Good morning, hockey fans! Here's hoping the brutal crime spree in Hotlanta hasn't got your red-white-and-blue Panties of Justice in a bunch. Last week, we got dust or something in our eye in talking about the unheralded career of the Stars' "Metal Jere Solid" Lehtinen; this week, in honor of former Polish President Gabriel Narutowicz's untimely assassination at the hands of the nefarious Eligiusz Niewiadomski, it's time to drag the NHL's Top Six Cheap Shot Artists kicking and screaming and butt-ending into the light.
Cheap shot artists," you say, "in MY sport? For shame, sir!"
Unfortunately, yes. As long as hockey has tunnel-visioned nerdos more concerned with the typos on the ads along the boards than with the Four Loko-upped Canadian farm-warriors bringing a free surprise massage to necks in need, the "cheap shot artist" will continue to have his place on the ice. And there's absolutely nothing *coughcougheliminatetheinstigatorcough* that the NHL can do about it. So here's the list of the Top Six Dale Hunter Wanna-Be's.

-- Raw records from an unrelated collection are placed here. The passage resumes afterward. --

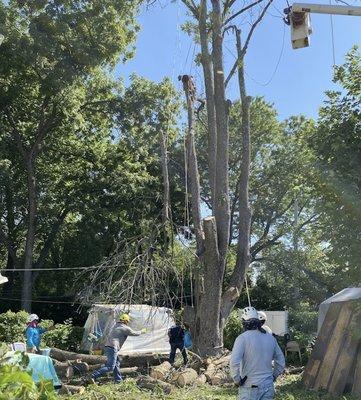 Gilbert's Stump Grinding and Landscaping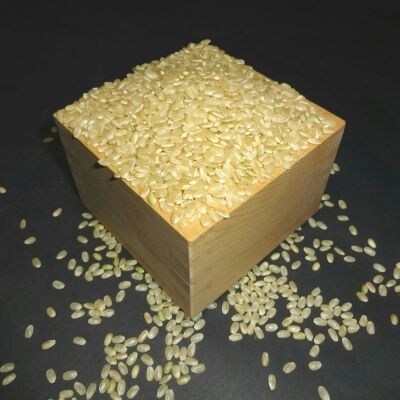 『食べ比べセット』安心栽培米(コシヒカリ)玄米食最適米(ミルキークイーン)玄米(各5kgx2)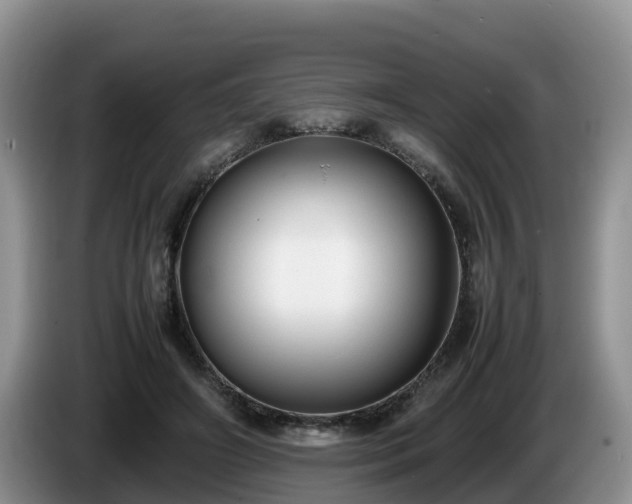 X0000086240498200704051222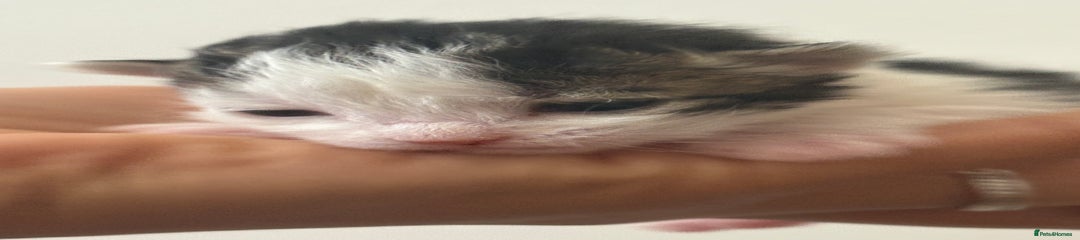 Mixed Breed Kitten 3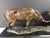 Bronze Don Hunt "The Exchange" Bulle&bear Bronze Sculpture Beautiful Art Rare! Obo For Sale - Image 8 of 10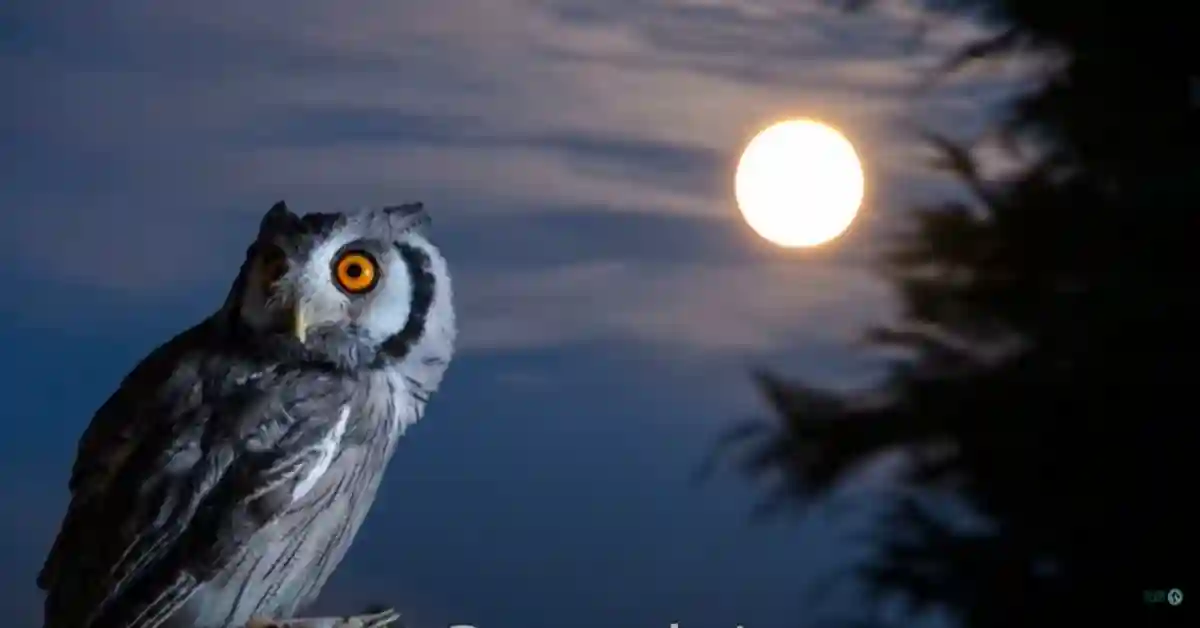What Bird Goes Woo Woo at Night​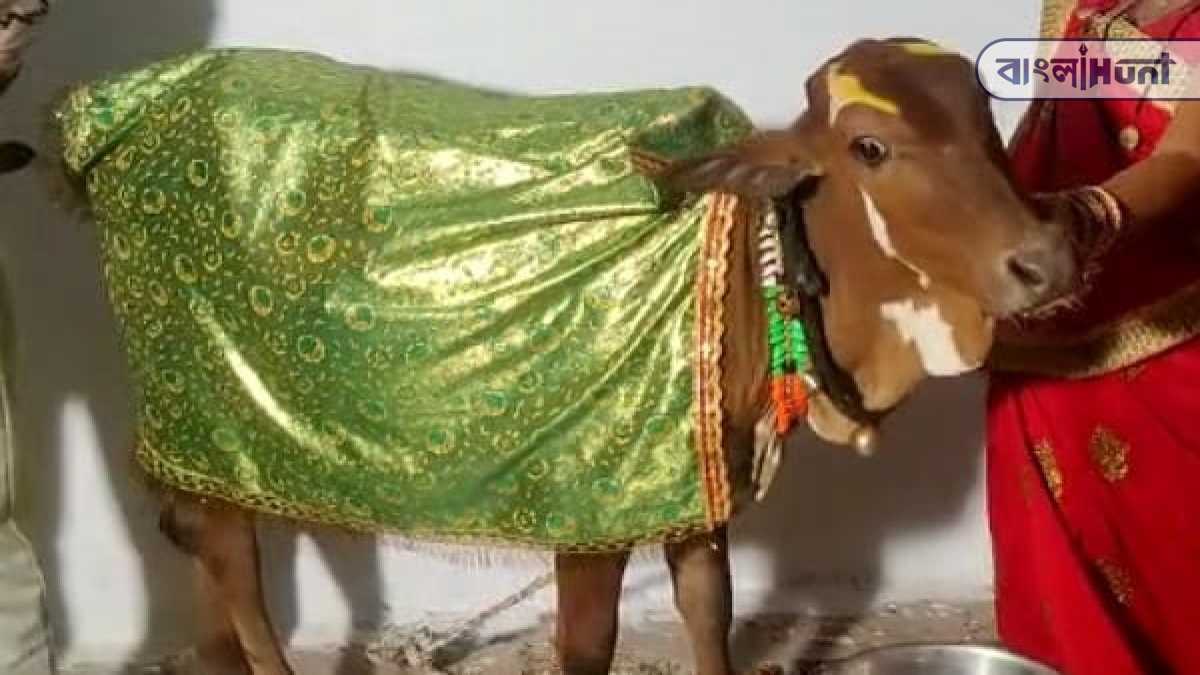 cow marriage 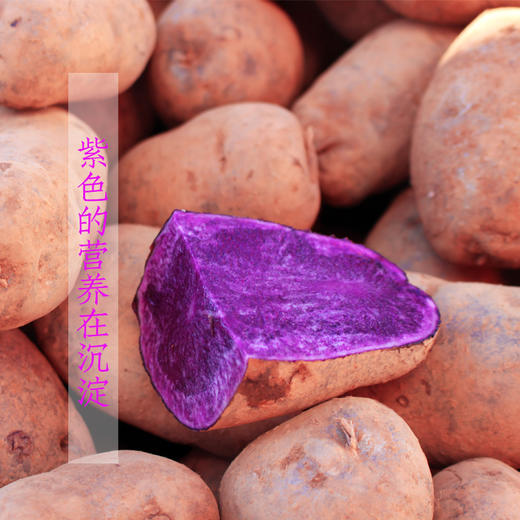 紫土豆5斤高原古法种植粉糯香又养颜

6. Jordin Tootoo: Do you realize that the Eskimo language has over 50 words for "unsuspecting shot to the head?" Aspiring ethnolinguist Tootoo has spent seven years treating opposing forwards like baby seals, knocking them unconscious in order to harvest their rich Canadian blubber. Tootoo is such an accomplished hunter of the heads, that he even looks for unsmashed craniums in hard-to-reach places.

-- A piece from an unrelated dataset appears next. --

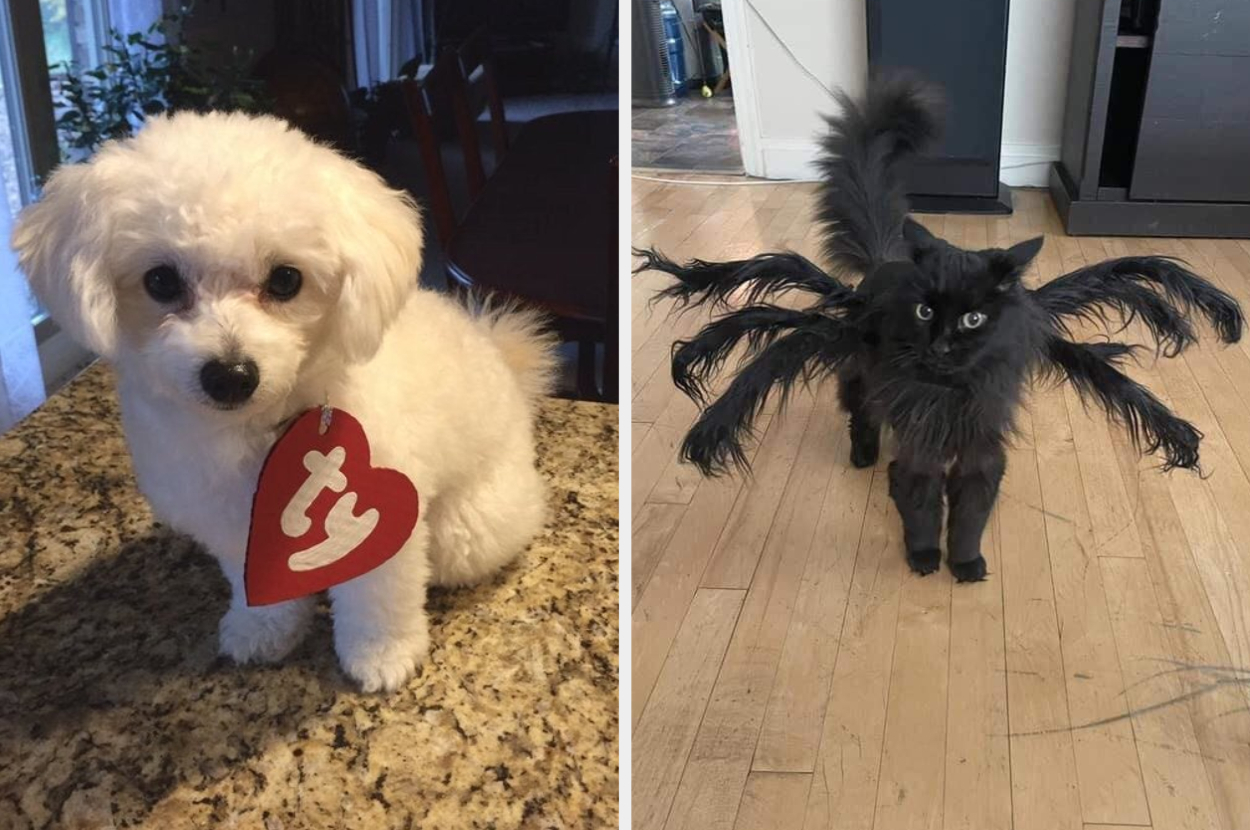 Ty halloween outlet costume dog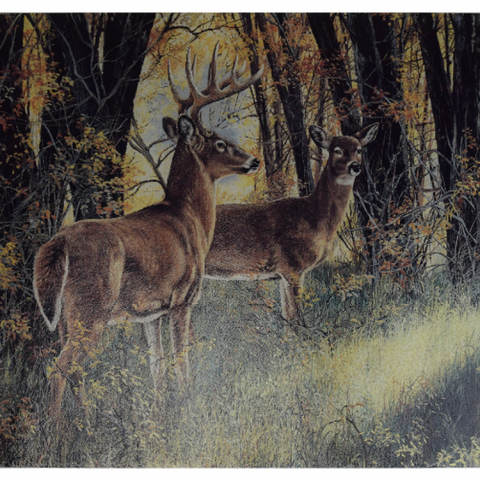 River's Edge Tempered Glass Cutting Board - Deer Under Cover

5. Jarrko Ruutu: Following in the footsteps of Simo Hayha, the Finnish folk hero who reportedly bit the fingers off of over 700 Russkies in World War 2, Ruutu's unwavering dedication to wiping Russia off the face of the planet Earth, one forward at a time is slowly nearing fruition. Even non-Russian Frankensteins fear Ruutu's wrath.

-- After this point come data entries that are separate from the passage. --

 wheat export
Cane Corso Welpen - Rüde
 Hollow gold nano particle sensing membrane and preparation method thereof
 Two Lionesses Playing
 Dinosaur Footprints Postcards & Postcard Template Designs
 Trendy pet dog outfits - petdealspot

4. James Wisniewski: This bright-eyed young Paduan has been taught well in the ways of the Dirty Force. Perhaps you think his inclusion on this august list is a bit premature, but there are more ways to hurt a man than the tired old method of physical assault. You can damage a player emotionally. And Wisniewski's uncalled-for cheap shot on Sean Avery's off-ice side career makes him the Dr. Phil of Chris Prongers. What Avery does in the privacy of the Times Square Disney Store in broad daylight is no one's business. Unless you happen to have bus fare or half a pack of smokes, in which case, Avery has a business proposition for you.
3. Matt Cooke: I remember a time when Matt Cooke was a speedy, defensively-responsible winger for the Canucks who was "hard to play against." Now he's a complete waste of a roster spot. This Jaden Smith-in-training can regularly be found hiding under his bedsheets and moaning awkwardly to the Webster's definition of "defenseless". And unlike most of the Penguins' surprising number of one-note talentless goons, Cooke actually has good reason to avoid responsibility for his actions.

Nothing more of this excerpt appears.